Record extracts
○ ○ ○ ○ ○

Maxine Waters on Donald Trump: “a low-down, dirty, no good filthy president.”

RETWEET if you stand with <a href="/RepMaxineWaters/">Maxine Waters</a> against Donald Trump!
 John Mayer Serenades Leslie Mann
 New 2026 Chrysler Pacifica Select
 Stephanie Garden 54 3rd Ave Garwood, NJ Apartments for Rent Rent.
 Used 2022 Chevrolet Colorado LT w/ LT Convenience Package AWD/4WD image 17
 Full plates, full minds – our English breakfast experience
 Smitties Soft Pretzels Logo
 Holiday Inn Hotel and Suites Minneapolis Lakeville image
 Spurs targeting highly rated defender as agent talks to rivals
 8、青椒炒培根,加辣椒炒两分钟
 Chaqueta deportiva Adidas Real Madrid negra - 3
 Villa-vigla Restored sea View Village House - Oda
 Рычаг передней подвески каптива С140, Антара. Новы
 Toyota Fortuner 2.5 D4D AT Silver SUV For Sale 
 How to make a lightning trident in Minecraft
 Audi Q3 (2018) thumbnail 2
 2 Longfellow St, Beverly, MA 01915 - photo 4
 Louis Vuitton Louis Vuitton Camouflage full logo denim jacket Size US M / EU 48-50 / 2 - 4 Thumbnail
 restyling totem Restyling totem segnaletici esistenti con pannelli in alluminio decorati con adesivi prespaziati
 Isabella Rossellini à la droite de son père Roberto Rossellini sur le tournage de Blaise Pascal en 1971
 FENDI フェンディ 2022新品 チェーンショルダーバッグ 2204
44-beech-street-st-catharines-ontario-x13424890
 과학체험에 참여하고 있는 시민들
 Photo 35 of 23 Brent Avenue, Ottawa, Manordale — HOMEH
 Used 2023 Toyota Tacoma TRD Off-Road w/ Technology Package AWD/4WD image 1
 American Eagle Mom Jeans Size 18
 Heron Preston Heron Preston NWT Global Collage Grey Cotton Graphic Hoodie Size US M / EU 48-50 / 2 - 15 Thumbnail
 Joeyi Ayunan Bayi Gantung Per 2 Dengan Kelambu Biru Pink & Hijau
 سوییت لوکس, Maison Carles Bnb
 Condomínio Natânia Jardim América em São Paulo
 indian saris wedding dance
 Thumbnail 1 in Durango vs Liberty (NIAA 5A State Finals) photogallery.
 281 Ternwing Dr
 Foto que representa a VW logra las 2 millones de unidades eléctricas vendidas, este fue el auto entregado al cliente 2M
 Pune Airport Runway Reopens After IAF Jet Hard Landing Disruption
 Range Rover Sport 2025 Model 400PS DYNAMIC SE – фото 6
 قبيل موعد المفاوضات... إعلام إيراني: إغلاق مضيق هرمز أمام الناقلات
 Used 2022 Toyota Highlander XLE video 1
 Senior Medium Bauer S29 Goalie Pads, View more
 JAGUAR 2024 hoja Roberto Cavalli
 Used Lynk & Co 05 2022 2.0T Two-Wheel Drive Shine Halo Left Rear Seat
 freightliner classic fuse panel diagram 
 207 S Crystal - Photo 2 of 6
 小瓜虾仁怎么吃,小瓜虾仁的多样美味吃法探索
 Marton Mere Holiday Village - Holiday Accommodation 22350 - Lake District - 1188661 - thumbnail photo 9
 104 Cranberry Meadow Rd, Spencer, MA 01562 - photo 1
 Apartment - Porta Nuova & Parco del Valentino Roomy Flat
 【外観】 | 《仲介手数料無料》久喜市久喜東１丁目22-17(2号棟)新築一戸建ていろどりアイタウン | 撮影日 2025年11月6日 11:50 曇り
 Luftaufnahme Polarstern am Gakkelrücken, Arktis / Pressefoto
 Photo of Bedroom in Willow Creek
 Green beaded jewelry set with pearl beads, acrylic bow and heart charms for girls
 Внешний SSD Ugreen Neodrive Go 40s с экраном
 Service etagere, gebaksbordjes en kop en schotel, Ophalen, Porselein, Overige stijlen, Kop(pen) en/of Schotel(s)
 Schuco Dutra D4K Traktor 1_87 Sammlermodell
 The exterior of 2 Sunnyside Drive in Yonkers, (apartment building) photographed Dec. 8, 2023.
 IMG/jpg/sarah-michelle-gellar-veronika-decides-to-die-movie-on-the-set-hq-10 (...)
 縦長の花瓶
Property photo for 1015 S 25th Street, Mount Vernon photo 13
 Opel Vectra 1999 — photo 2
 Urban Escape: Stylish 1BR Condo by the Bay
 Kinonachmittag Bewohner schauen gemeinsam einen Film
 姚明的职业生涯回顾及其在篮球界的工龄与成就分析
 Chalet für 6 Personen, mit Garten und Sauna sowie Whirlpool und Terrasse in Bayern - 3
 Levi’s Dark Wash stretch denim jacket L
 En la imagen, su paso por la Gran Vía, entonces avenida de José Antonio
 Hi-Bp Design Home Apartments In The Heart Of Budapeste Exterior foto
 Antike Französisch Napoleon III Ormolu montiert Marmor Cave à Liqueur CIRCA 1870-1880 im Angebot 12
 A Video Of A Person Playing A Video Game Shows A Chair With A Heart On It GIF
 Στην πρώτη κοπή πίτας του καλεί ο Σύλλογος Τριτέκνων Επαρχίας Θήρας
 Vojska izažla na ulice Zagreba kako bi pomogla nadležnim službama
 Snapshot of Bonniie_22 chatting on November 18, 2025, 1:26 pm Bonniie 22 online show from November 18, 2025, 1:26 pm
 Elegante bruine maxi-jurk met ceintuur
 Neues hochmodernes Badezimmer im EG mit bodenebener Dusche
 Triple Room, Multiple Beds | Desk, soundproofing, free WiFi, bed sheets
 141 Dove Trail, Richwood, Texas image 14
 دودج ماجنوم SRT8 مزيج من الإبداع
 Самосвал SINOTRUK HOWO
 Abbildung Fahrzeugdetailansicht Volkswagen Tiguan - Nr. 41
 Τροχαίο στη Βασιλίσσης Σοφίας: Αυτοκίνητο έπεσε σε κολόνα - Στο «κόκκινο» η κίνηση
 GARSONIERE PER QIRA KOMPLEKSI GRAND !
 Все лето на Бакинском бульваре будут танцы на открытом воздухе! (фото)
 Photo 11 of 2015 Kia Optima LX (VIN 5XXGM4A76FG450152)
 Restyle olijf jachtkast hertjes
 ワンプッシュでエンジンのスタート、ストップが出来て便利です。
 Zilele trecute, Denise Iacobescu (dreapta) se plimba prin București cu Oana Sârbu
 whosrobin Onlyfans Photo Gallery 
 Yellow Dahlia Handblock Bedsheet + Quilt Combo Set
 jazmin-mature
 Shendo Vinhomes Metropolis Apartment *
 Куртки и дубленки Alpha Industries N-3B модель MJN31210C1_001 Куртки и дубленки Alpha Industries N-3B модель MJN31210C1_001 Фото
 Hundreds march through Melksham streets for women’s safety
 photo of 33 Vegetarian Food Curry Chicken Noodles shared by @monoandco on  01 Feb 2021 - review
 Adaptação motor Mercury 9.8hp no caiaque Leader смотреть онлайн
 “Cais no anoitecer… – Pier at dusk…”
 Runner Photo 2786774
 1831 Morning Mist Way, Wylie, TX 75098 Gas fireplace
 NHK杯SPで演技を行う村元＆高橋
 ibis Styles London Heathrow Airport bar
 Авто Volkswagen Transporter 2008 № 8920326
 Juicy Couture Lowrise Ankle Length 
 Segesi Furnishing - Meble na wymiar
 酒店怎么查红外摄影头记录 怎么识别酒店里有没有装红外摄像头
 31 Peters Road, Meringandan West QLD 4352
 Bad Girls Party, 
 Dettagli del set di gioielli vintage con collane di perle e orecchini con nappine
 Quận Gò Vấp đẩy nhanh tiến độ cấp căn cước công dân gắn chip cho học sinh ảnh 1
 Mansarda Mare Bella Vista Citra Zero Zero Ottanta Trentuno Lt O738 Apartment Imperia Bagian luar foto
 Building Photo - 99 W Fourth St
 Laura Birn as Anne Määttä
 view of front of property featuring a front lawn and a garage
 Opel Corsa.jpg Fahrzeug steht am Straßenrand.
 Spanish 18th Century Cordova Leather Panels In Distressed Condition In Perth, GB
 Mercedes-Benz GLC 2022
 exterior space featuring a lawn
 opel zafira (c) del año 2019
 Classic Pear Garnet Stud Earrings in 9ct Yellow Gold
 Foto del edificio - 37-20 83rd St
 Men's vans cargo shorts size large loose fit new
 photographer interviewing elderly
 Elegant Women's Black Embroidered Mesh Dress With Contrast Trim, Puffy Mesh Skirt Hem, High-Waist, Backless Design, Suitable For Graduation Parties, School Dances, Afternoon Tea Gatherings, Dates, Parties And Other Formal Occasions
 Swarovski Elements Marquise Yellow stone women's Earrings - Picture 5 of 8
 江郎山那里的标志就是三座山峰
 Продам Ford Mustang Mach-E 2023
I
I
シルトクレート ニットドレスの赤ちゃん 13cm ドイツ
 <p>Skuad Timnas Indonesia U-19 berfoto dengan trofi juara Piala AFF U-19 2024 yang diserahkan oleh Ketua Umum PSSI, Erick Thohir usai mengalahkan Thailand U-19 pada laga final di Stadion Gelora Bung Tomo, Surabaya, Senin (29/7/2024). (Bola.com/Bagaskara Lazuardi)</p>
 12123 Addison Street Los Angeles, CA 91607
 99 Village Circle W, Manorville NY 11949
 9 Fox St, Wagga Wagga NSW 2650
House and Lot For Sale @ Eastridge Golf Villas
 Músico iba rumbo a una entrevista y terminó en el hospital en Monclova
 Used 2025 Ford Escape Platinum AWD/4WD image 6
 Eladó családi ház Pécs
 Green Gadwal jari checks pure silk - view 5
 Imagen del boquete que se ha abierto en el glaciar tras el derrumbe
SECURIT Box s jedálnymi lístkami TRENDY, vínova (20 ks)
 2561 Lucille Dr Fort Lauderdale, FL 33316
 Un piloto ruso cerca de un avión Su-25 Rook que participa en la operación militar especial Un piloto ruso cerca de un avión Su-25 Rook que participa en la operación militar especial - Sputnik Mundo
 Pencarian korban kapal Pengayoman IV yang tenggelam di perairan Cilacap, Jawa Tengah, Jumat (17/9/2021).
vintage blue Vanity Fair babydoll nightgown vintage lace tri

○ ○ ○ ○ ○

Exercise
For every line above that includes the string "Package", copy the line.

Answer below
 Used 2022 Chevrolet Colorado LT w/ LT Convenience Package AWD/4WD image 17
 Used 2023 Toyota Tacoma TRD Off-Road w/ Technology Package AWD/4WD image 1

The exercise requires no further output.